Sejak saat itu, kedua Korea berpisah jalan, mengadu nasibnya sendiri-sendiri, dengan diwarnai Perang Korea (1950-1953) yang menewaskan 5 juta jiwa, baik sipil maupun militer. Tidak pernah ada perjanjian perdamaian antara Korut dan Korsel, yang ada hanyalah perjanjian gencatan senjata.
***
Sejak 1948, Korut (Republik Rakyat Demokrasi Korea) diperintah oleh tiga generasi dari keluarga Kim: Kim Il Sung (1948-1994), Kim Jong Il (1994-2011), dan sekarang Kim Jong Un (2011-...). Yang menarik, pada 1990-an, muncul diskusi tentang runtuhnya Dinasti Kim dan terjadi transisi politik. Akan tetapi, di negeri itu tidak pernah terjadi revolusi rakyat dan juga kudeta militer seperti yang terjadi di banyak negara.
Banyak riset dan studi dilakukan (oleh Jepang, Korsel, China, dan AS), ditambah cerita dan pengakuan pembelot dari Utara serta informasi media resmi Korut, tetapi tidak tergambar cerita yang jelas dan utuh tentang Korut. Penyebabnya, tertutupnya negeri di bagian utara Semenanjung Korea itu dan juga sulitnya melakukan riset, pengumpulan data di lapangan (Atsuhito Isozaki: 2017).
Itulah sebabnya, sekarang, orang tidak dapat memahami kepribadian dan perilaku politik Kim Jong Un, tanpa menempatkan dalam konteks kepemimpinan kakeknya, Kim Il Sung, dan ayahnya, Kim Jong Il (Jerrold M Post: 2016). Salah satu kesulitan untuk memahami para pemimpin Korut adalah mereka selalu berada di belakang mitos.
Kim Il Sung merupakan pendiri Korut. Ia pejuang gerilya yang naik ke puncak kekuasaan di bawah perlindungan Stalin dan disebut sebagai presiden abadi. Dia membuat konsep ideologi Republik Rakyat Demokrasi Korea (DPRK) yang disebut juche. Di bawah pengaruh kuat Stalin dan Mao Zedong, Kim Il Sung menjadi seorang komunis tulen. Untuk memperkukuh kekuasaannya, Kim Il Sung menumpas habis oposisi dan rival-rival potensialnya. Karena khawatir adanya intervensi dari luar, Kim Il Sung menutup seluruh perbatasan negerinya. Tidak hanya membatasi warganya keluar, tetapi juga sangat membatasi masuknya pengaruh luar. Meski sudah meninggal (1994), pemimpin besar itu masih membayangi dan memengaruhi kebijakan Korut. ”Pemimpin Besar Akan Selalu Bersama Kita” demikian yang tertulis secara jelas dan tegas dalam website DPRK.
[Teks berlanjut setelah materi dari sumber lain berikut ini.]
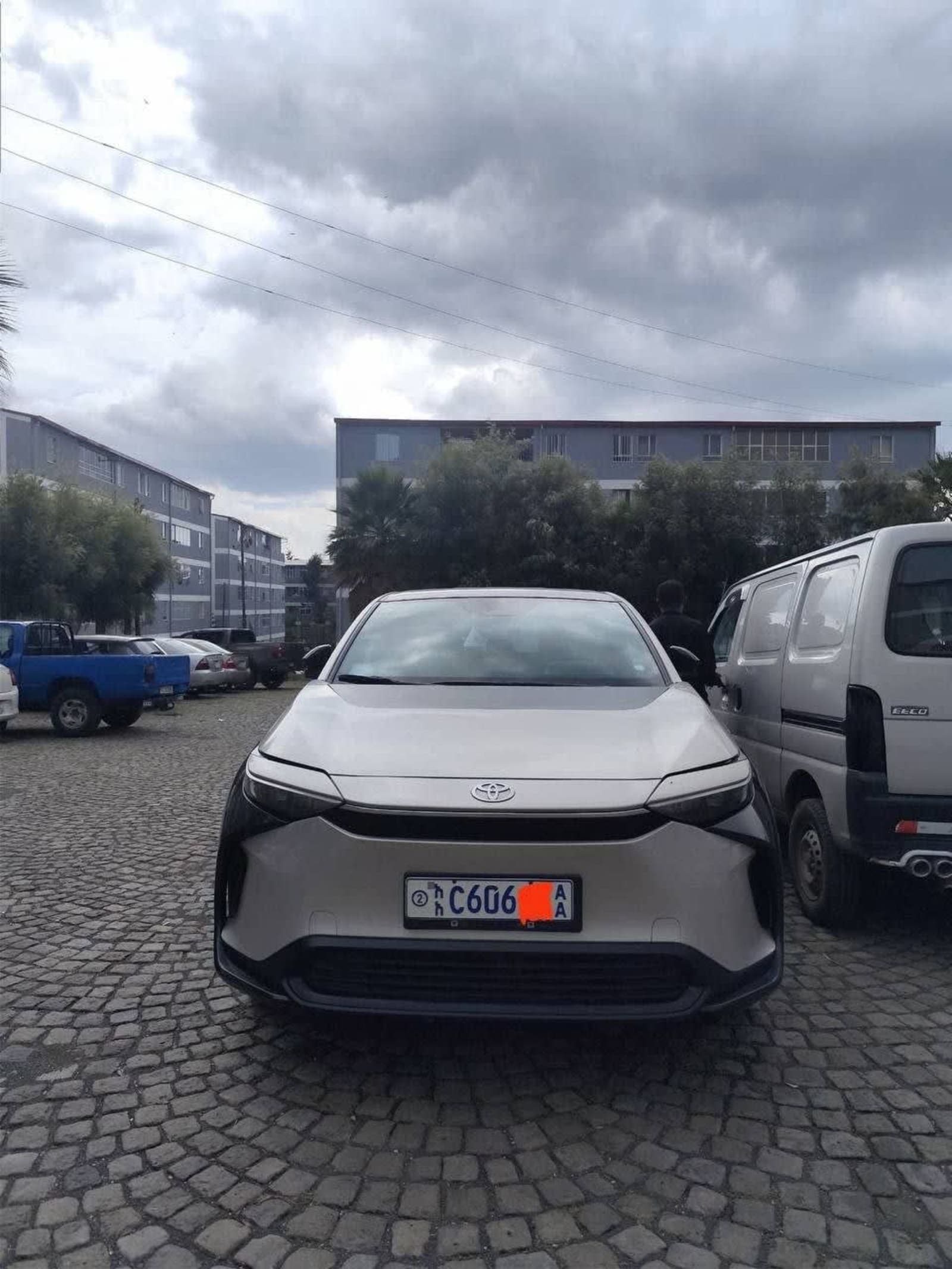 2024 Toyota BZ4X 2WD ULTRA — photo 5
Berbeda dengan ayahnya, Kim Jong Il bukan seorang pejuang gerilya, bukan pendiri bangsa, dan bukan pembuat konsep ideologi, serta tidak sekarismatik ayahnya. Namun, ia juga berusaha membangun mitos bagi dirinya sendiri, dengan menyebut dirinya sebagai ”manusia dari Gunung Baekdu” (meskipun senyatanya ”anak lelaki dari Uni Soviet” karena lahir di negeri itu, 1942). Ia hidup pada zaman yang berbeda dengan ayahnya: sudah menikmati kemewahan sehingga menjadi pribadi yang narsistik. Salah satu yang menonjol, pada 1970-an, ia mengonsolidasikan kekuasaan dengan menyingkirkan ribuan pejabat partai tinggalan ayahnya dan menggantikan mereka dengan yang lebih muda dan setia kepadanya (Jarrold M Post: 2016 dan Shepherd Iverson: 2017).
Bagaimana Kim Jong Un? Seperti melihat pergelaran wayang kulit dari belakang layar. Serba hitam.